(Beginning of Listed records)

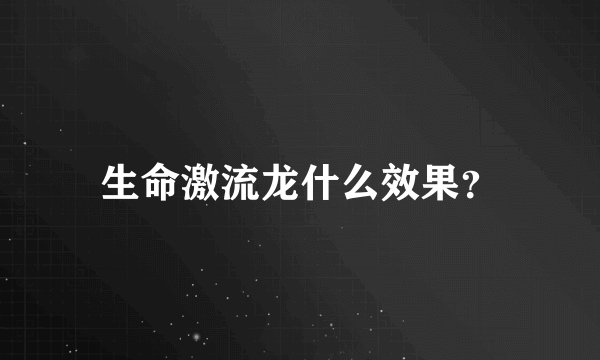 生命激流龙什么效果？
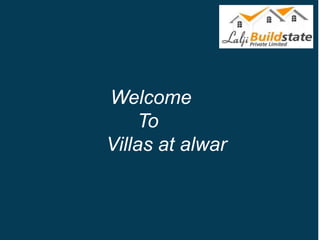 Welcome
To
Villas at alwar
 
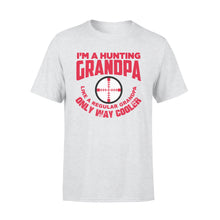 Load image into Gallery viewer, Funny Mens Grandpa Hunting Gift Shirt I'm A Hunting Grandpa Like Normal Grandpa But Much Cooler T-shirt - FSD13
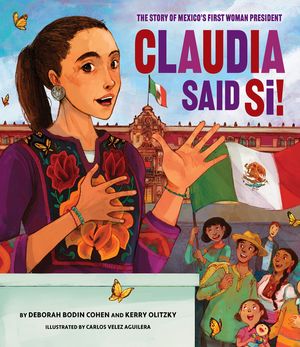 Claudia Said S&iacute;!: The Story of Mexico's First Woman President image number 0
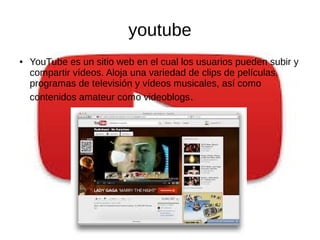 youtube
● YouTube es un sitio web en el cual los usuarios pueden subir y
compartir vídeos. Aloja una variedad de clips de películas,
programas de televisión y vídeos musicales, así como
contenidos amateur como videoblogs.
 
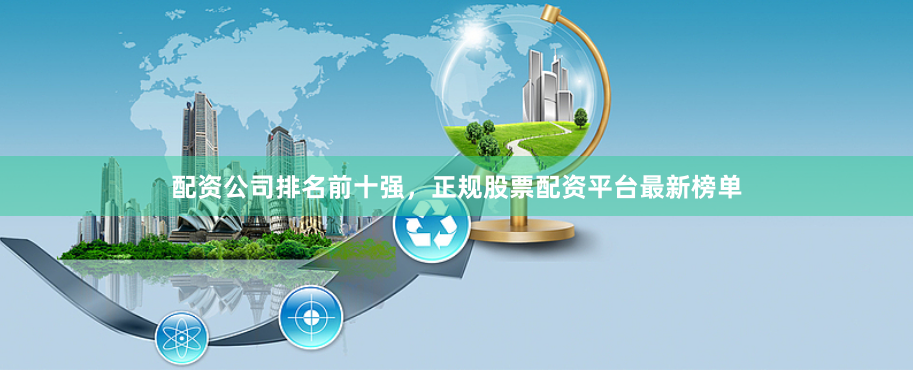 配资公司排名前十强，正规股票配资平台最新榜单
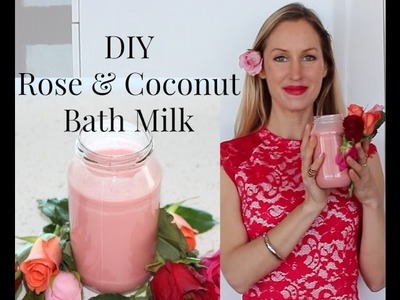 DIY Coconut & Rose Bath Milk for relaxation and beautiful skin!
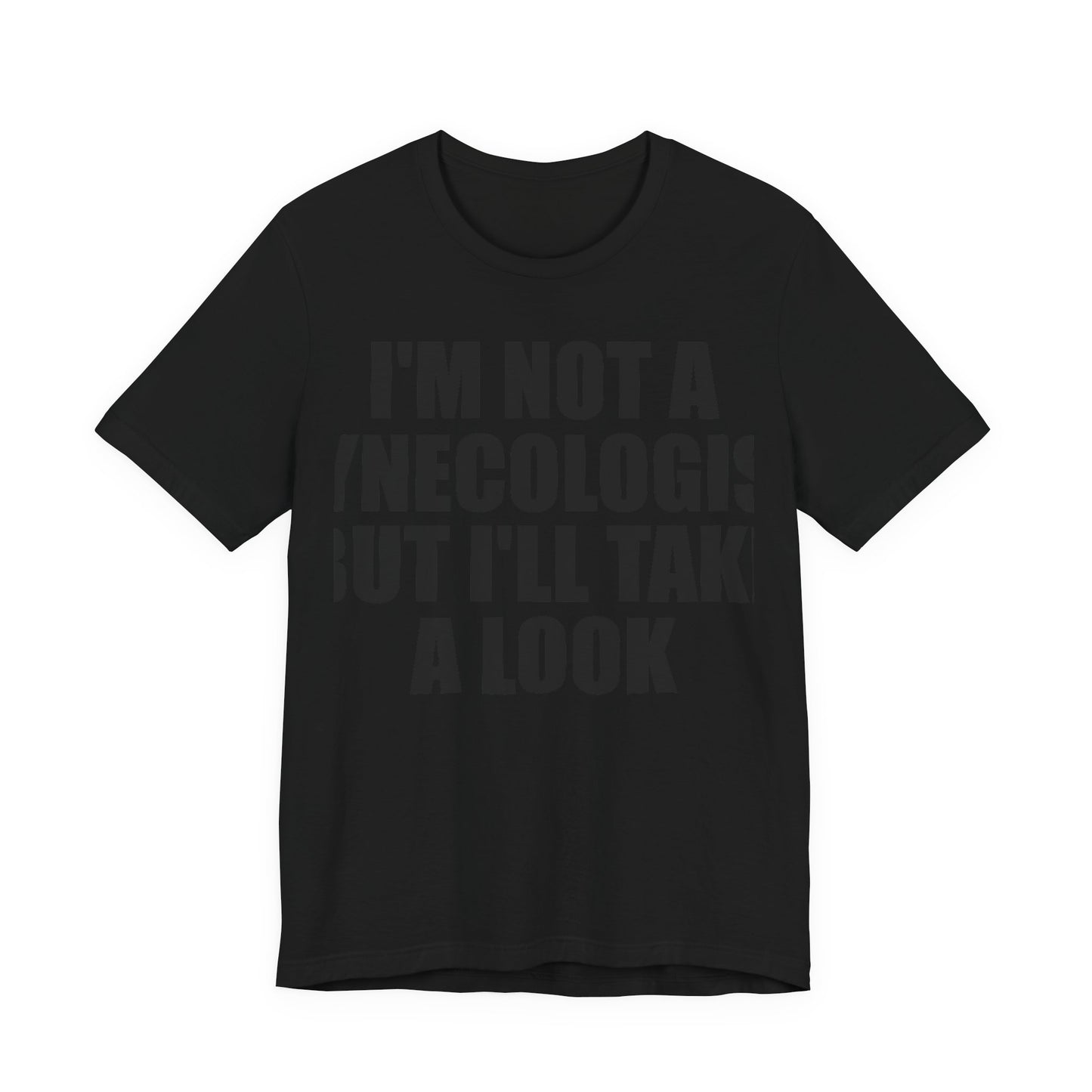 I'm Not A Gynecologist Tee (Bold Extra Large)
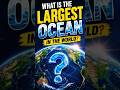 What Is the Largest Ocean in the World? 🤯#quiz #short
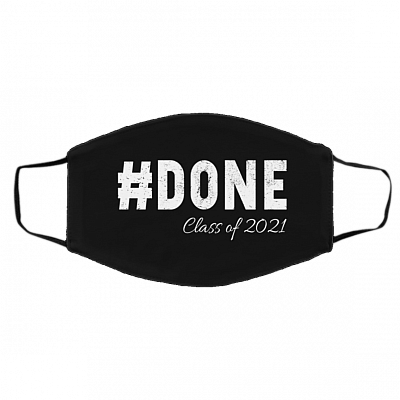 Done Class Of 2021 Washable Reusable Custom - Printed Cloth Face Mask Cover, White, Cloth Face Cover – Medium/Large
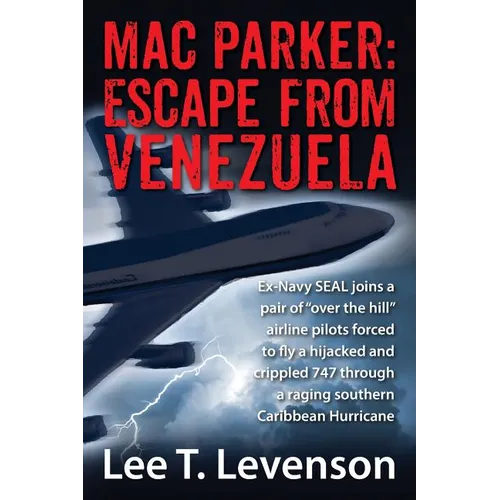 Mac Parker: Escape from Venezuela: Ex-Navy Seal Joins a Pair of Over the Hill Airline Pilots Forced to Fly a Hijacked and Crippl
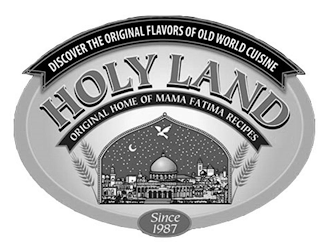 DISCOVER THE ORIGINAL FLAVORS OF OLD WORD CUISINE HOLY LAND ORIGINAL HOME OF MAMA FATIMA RECIPES SINCE 1987 logo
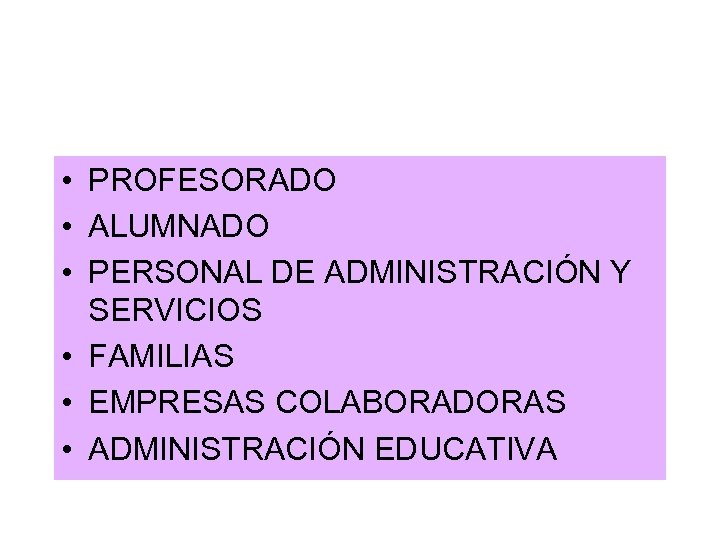  • PROFESORADO • ALUMNADO • PERSONAL DE ADMINISTRACIÓN Y SERVICIOS • FAMILIAS •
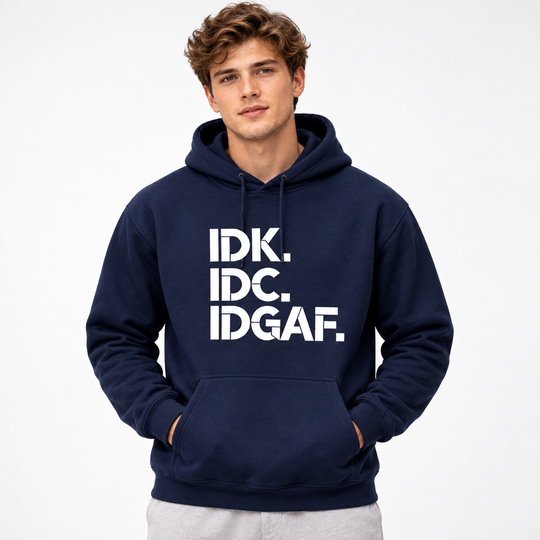 IDK IDC IDGAF Hoodie – Bold Attitude, All-Day Comfort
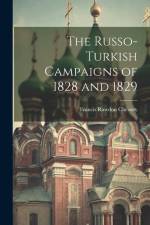 The Russo-Turkish Campaigns of 1828 and 1829 af Francis Rawdon Chesney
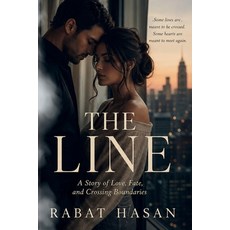 (영문도서)The Line: A Story of Love Fate and Crossing Boundaries Paperback, Rabat Hasan, English, 9781067553999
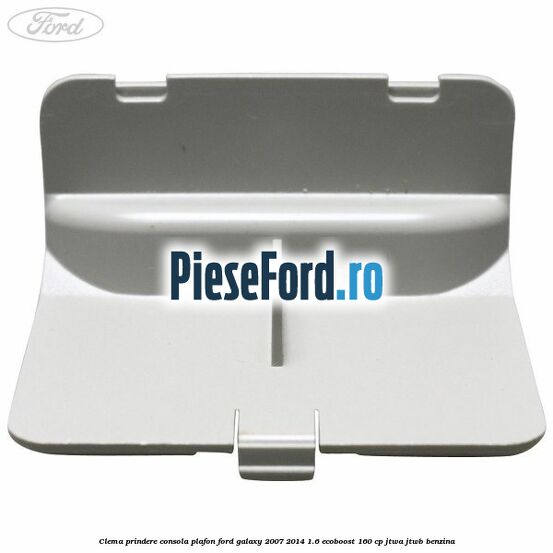 Clema prindere consola plafon Ford Galaxy 2007-2014 1.6 EcoBoost 160 cp JTWA, JTWB benzina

(End of Listed records)

The preceding entries are to be written out again exactly, with the pictures removed.

 生命激流龙什么效果？
 Welcome
To
Villas at alwar
 
 Load image into Gallery viewer, Funny Mens Grandpa Hunting Gift Shirt I'm A Hunting Grandpa Like Normal Grandpa But Much Cooler T-shirt - FSD13
 Claudia Said S&iacute;!: The Story of Mexico's First Woman President image number 0
 youtube
● YouTube es un sitio web en el cual los usuarios pueden subir y
compartir vídeos. Aloja una variedad de clips de películas,
programas de televisión y vídeos musicales, así como
contenidos amateur como videoblogs.
 
 配资公司排名前十强，正规股票配资平台最新榜单
 DIY Coconut & Rose Bath Milk for relaxation and beautiful skin!
 I'm Not A Gynecologist Tee (Bold Extra Large)
 What Is the Largest Ocean in the World? 🤯#quiz #short
 Done Class Of 2021 Washable Reusable Custom - Printed Cloth Face Mask Cover, White, Cloth Face Cover – Medium/Large
 Mac Parker: Escape from Venezuela: Ex-Navy Seal Joins a Pair of Over the Hill Airline Pilots Forced to Fly a Hijacked and Crippl
 DISCOVER THE ORIGINAL FLAVORS OF OLD WORD CUISINE HOLY LAND ORIGINAL HOME OF MAMA FATIMA RECIPES SINCE 1987 logo
  • PROFESORADO • ALUMNADO • PERSONAL DE ADMINISTRACIÓN Y SERVICIOS • FAMILIAS •
 IDK IDC IDGAF Hoodie – Bold Attitude, All-Day Comfort
 The Russo-Turkish Campaigns of 1828 and 1829 af Francis Rawdon Chesney
 (영문도서)The Line: A Story of Love Fate and Crossing Boundaries Paperback, Rabat Hasan, English, 9781067553999
 Clema prindere consola plafon Ford Galaxy 2007-2014 1.6 EcoBoost 160 cp JTWA, JTWB benzina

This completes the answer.